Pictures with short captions

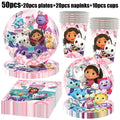 Décoration d'anniversaire Gabby, thème Gabby Dollhouse, vaisselle, assiette, tasse, serviette, nappe, ballon, bannière, toile de fond, fournitures pour fête d'enfants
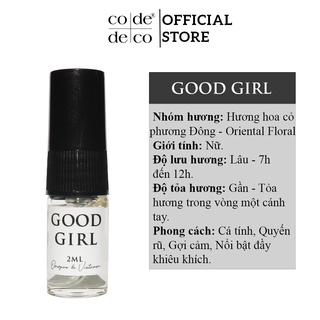 Tinh Dầu Nước Hoa Code Deco Good Girl Cá Tính, Ngọt Ngào, Gợi Cảm 2ml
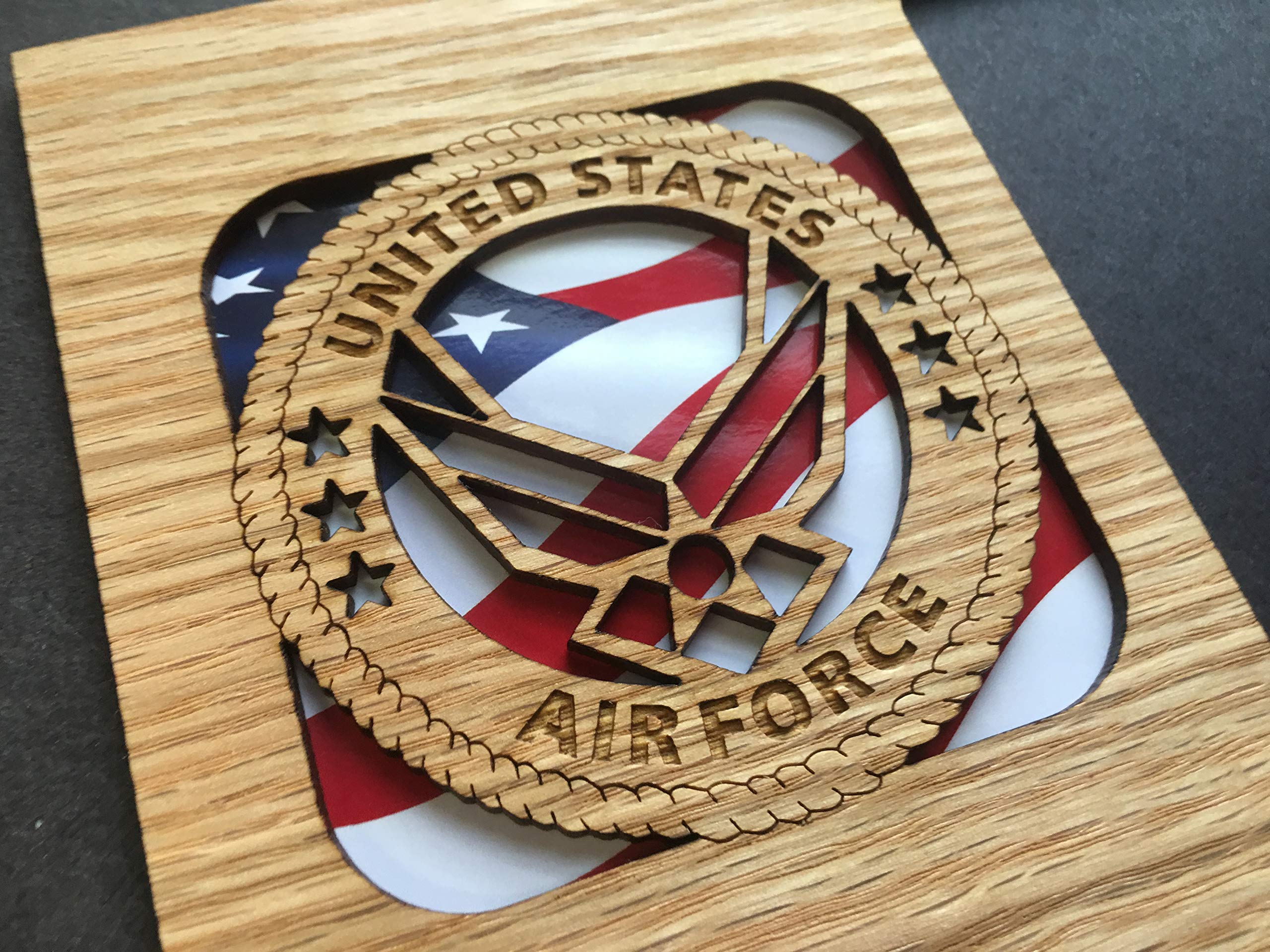 US Air Force Picture Frame 11x14 - Honey Wood Military Photo Display for Home, Office & Gifts | Perfect for Veterans, Military Families & Patriotic Decor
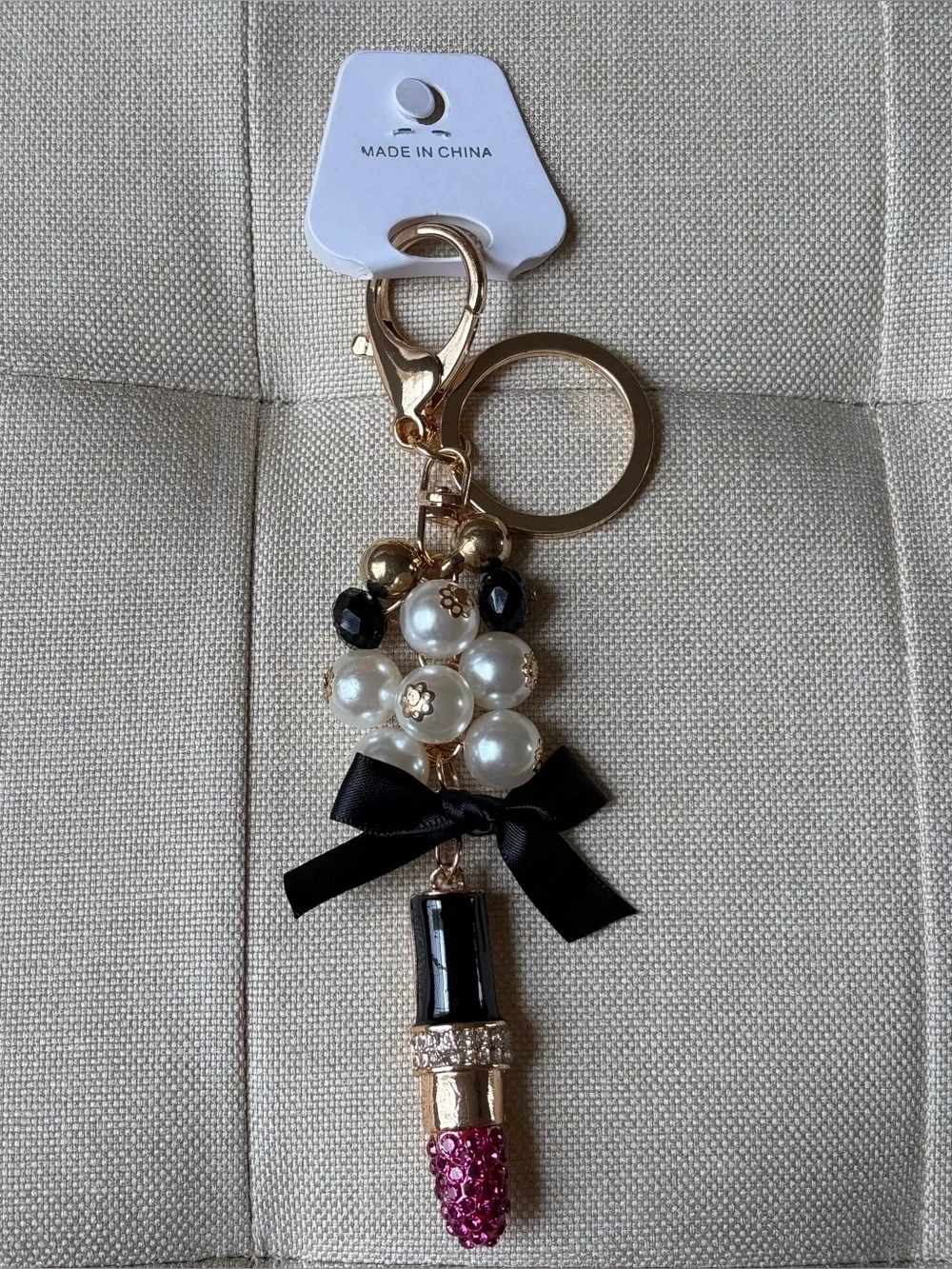 Pearl & Black Ribbon Lipstick Keychain Bag Charm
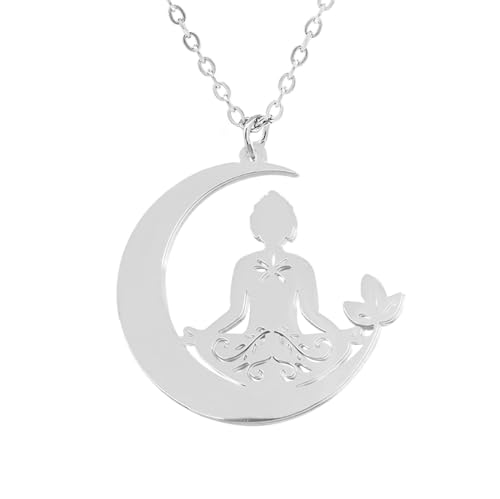 Only faith Collar Luna Creciente Con Buda Acero Inoxidable colgantes amuletos. Talismán protección, Geometría sagrada, (Buda Luna Creciente Plateado)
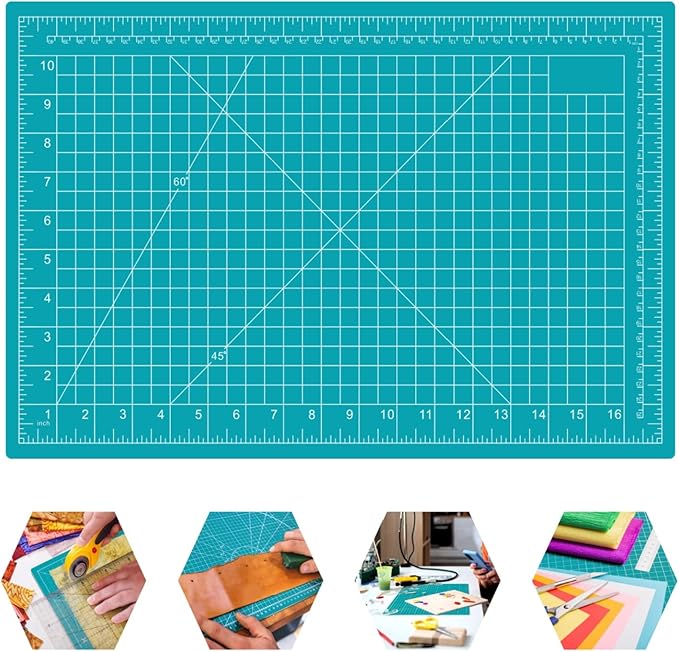 18"x12" Self Healing Cutting Mat, Sewing Mat for Crafts, Double Sided 5-Ply Table Cutting Board for Fabric Quilting Leather Modeling Hobby Project, Turquoise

Problem to work on —
Look above for the line with "Tinh Dầu Nước" and the line with "Pearl & Black", then copy them and all lines in between exactly as written, and only those, without any pictures.

Solution to the exercise —
 Tinh Dầu Nước Hoa Code Deco Good Girl Cá Tính, Ngọt Ngào, Gợi Cảm 2ml
 US Air Force Picture Frame 11x14 - Honey Wood Military Photo Display for Home, Office & Gifts | Perfect for Veterans, Military Families & Patriotic Decor
 Pearl & Black Ribbon Lipstick Keychain Bag Charm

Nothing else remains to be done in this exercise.